On Thursday 11 May, Fairtrade at St Andrew’s was privileged to host a talk and display by Nawal, the founder of an organisation called Women in Hebron, an embroidery cooperative in Palestine. It was one of two talks she gave that day in Bedford, the other at the Bedford Arts and Craft Centre in Ampthill Road and on each occasion she displayed the work of the women of the Cooperative and was able to sell it.


Nawal talked about her idea of setting up a cooperative to provide work for women living in and around Hebron and what started as very small enterprise grew so that for a time they were able to maintain a shop. Sadly this was not able to continue and during this time her husband died as a result of injuries sustained by the attacks of settler Israelis. The cooperative has struggled to continue and the amazing display of cross stitch embroidered goods – shawls, scarves cushion covers, purses, little items of beaded jewellery and key rings - was evidence of what they have achieved.


In the second part of the talk, Nawal focused more on the struggles faced by the inhabitants of the West Bank, with the constant threat of having their homes and land destroyed by settlers or themselves and their families attacked and the hours long delays at border crossings, even when getting to work each day.

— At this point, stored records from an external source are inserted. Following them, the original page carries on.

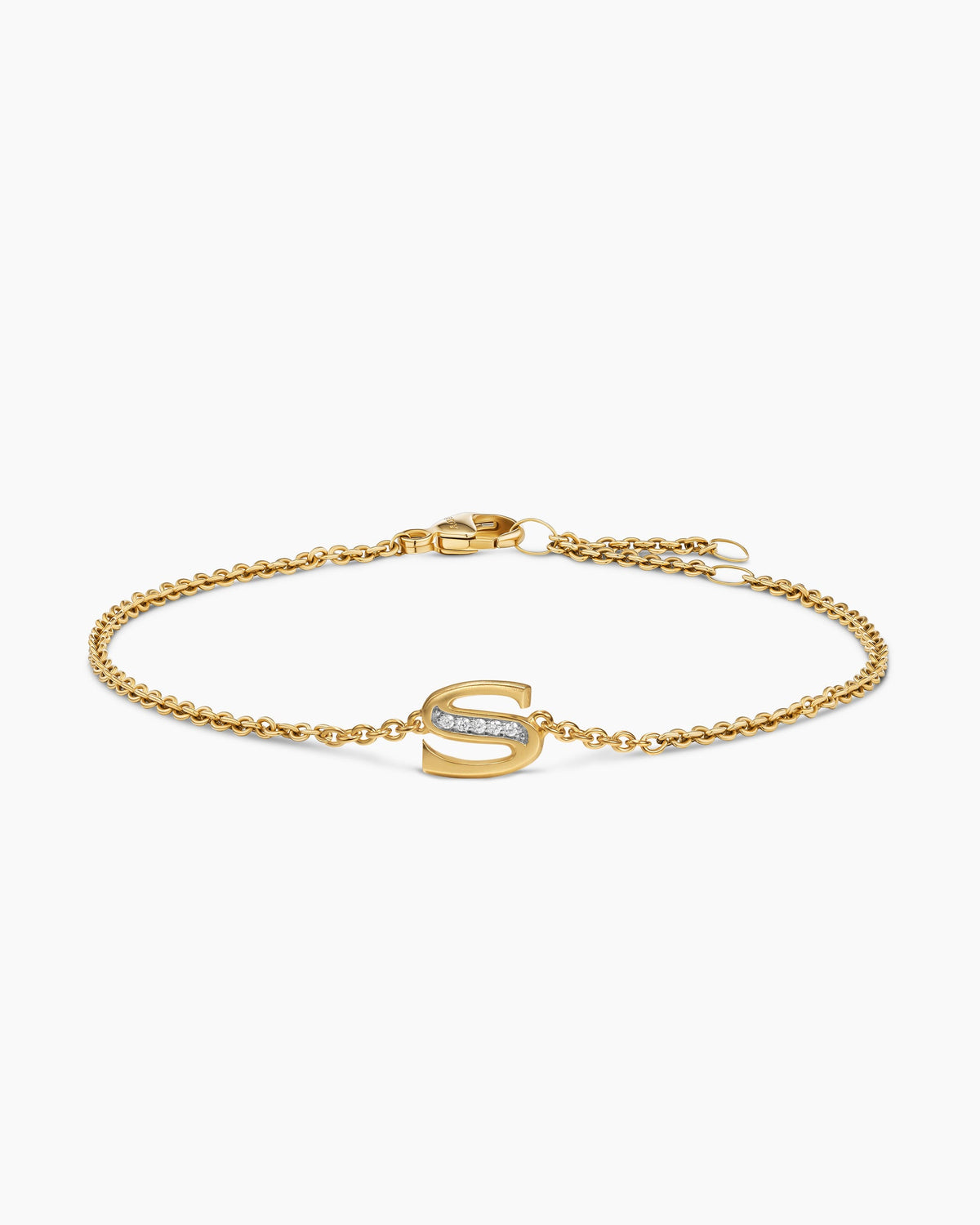 Petite Pavé Initial Chain Bracelet in 18K Yellow Gold with Diamond S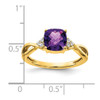 Lex & Lu 14k Yellow Gold Amethyst and Diamond Ring LAL3826 - 3 - Lex & Lu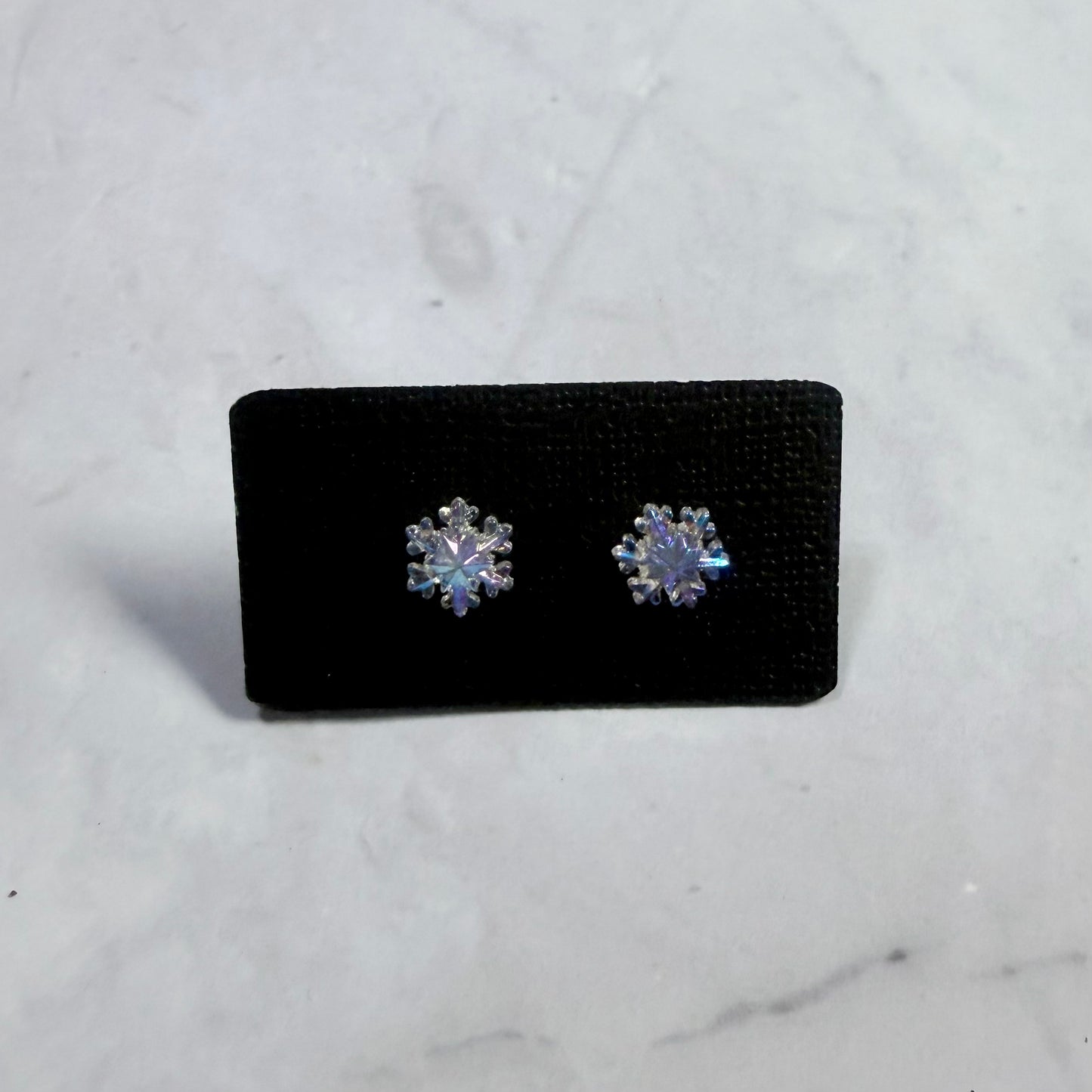 Clear Iridescent Snowflake Stud Earring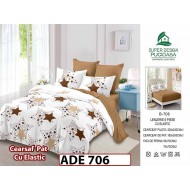 Lenjerie din finet  6 piese si cearceaf cu elastic - ADE 706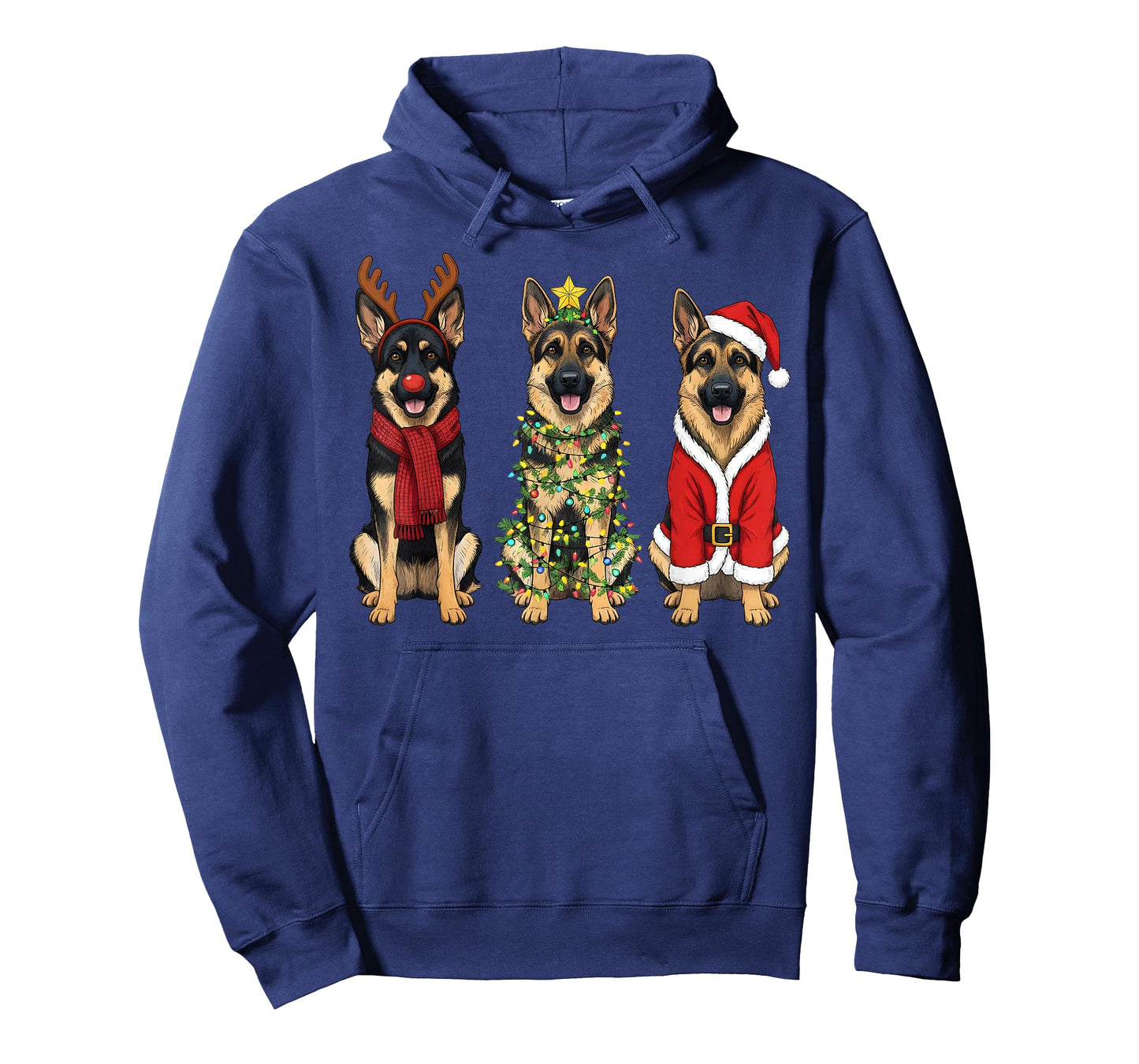 Retro Christmas German Shepherd Santa Reindeer GSD Dog Lover T-Shirt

Nawal explained she had to cross into three different countries to be able to get a flight to the UK.


Nawal’s teenage daughter came with her and videoed the talk, and I am hoping to get a copy of it, as, although her English was excellent, she spoke very quietly.


After the talk we enjoyed tea and coffee and biscuits and were able to browse the goods on display. I am delighted to say that over £1000 worth of goods were sold at the two Bedford meetings and a separate amount was raised as contributions towards Nawal’s and her daughter’s fares.


Although I am sure many congregation members are aware of the difficulties facing Palestinians in the West Bank (and the Gaza strip), it was good to spend an evening focusing on it and to hear first-hand of one initiative to make a living in the face of such opposition. There is always a tension between recognising the struggles of the Palestinians and the risk of being accused of antisemitism. Many Israelis recognise the struggles of the Palestinians and do not support the settlement programme but sadly the current Israeli Government seem determined to extend the programme and there is no strong vocal world-wide opposition to it. I would welcome thoughts of anything else we could do as a Church family.